We later found that because of the low ratio rear-end gearing, the engine was spinning at 4,500 rpm at 75 mph on the highway. This was causing all of the oil in the oil pan to be pumped to the top of the engine, causing a tapping noise from lack of lubrication. The fix you ask? Slow down, Dad! He was going a lot faster than 75.

That story brings me to the point of this article. When you take your car to your local repair shop with a problem, try to explain all aspects of the symptoms to your service representative. Does it happen hot or cold? When it happens, is the A/C on or off? Does the problem occur when you go uphill, idling or decelerating?

All of this information will help to find the actual problem and eventual repair.

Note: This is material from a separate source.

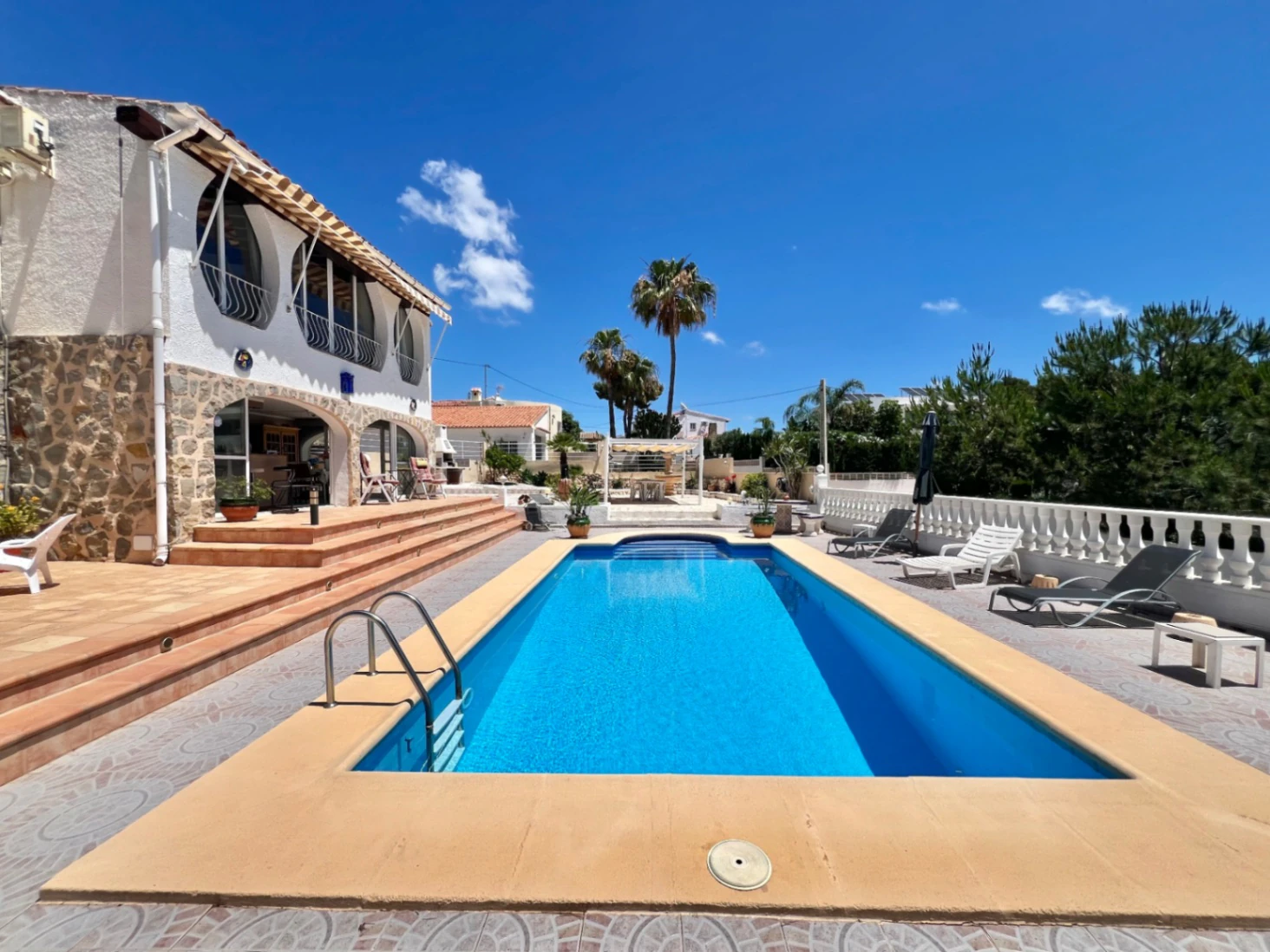 Villa te koop met 4 slaapkamers en vrij uitzicht op zee in Benissa, Alicante.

We as service technicians experience the opposite frequently. I had a customer who owned a Ford pickup with a starter complaint. The customer instructed us to just replace the starter. At the front-counter interview, I asked him if he would like us to check out the problem first.

"Put the starter on it. Just get me a starter and install it. I know that's the problem."

I said, "Sir, I would be happy to check it out and make sure. By the way, what is the symptom? Will the engine even start?"

Disgustingly, he shook his head and said, "Just do as I say." I nodded and said, "Yes, sir."

After we installed the new starter, we pushed the truck out to the ready line. The owner came to take the truck home a few hours later. He paid the bill. I handed him the keys and he walked out. Two minutes later, here he comes. He is red with fury.

"My truck won't start!"

I said, "I know, would you like me to find out why?" He burst out laughing. I grabbed a test light, located the burnt fusible link and repaired it. Problem fixed.

In my heart I could not charge the guy a dime for the repair. He has been a valued customer since.

A little communication goes a long way in most any business. A friendly smile from the front counter will make most customers feel welcome also. The repair of your car is the responsibility of the technician, but also from you.

John Salem is an L1 rated, ASE-certified master automobile technician and has owned Salem & Sons Auto for more than 17 years.